AIM OF THE EXERCISE:
Somewhere below, one line contains "toyota-yaris-cross-hybrid-2020 (2).jpeg" and a later line contains "364 ROCK CREEK RD". Output those two lines and everything between them exactly, and nothing else.

DATASET RECORDS:
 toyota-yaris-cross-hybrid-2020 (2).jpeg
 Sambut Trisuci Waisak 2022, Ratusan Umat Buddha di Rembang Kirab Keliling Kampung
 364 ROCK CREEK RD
...
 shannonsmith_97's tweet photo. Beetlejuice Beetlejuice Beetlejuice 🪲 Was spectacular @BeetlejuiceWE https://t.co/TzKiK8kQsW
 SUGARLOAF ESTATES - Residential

ANSWER SECTION:
 toyota-yaris-cross-hybrid-2020 (2).jpeg
 Sambut Trisuci Waisak 2022, Ratusan Umat Buddha di Rembang Kirab Keliling Kampung
 364 ROCK CREEK RD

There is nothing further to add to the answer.